▸ Exercise requirements: Look through the data below and output, unchanged, every line from the one holding "新品】Google Pixel Watch (Wi-Fi) スタンドおまけ付 - www" through the one holding "小学校向け無料イラストお試しフリー素材(カット)", inclusive. Skip the pictures.

▸ Exercise inputs:
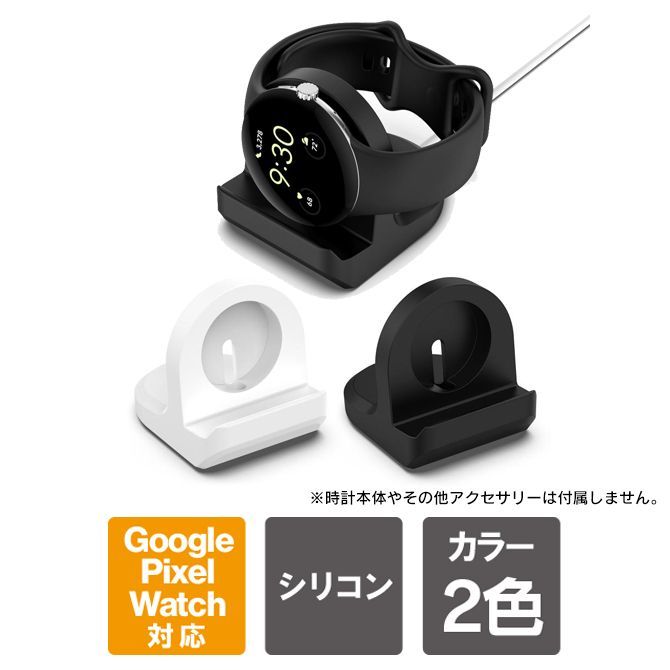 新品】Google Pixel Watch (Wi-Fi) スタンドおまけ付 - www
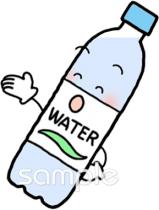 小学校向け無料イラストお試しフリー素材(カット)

* * *

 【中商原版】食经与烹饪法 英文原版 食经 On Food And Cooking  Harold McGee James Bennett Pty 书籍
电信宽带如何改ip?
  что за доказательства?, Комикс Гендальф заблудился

▸ Answer for this exercise:
 新品】Google Pixel Watch (Wi-Fi) スタンドおまけ付 - www
 小学校向け無料イラストお試しフリー素材(カット)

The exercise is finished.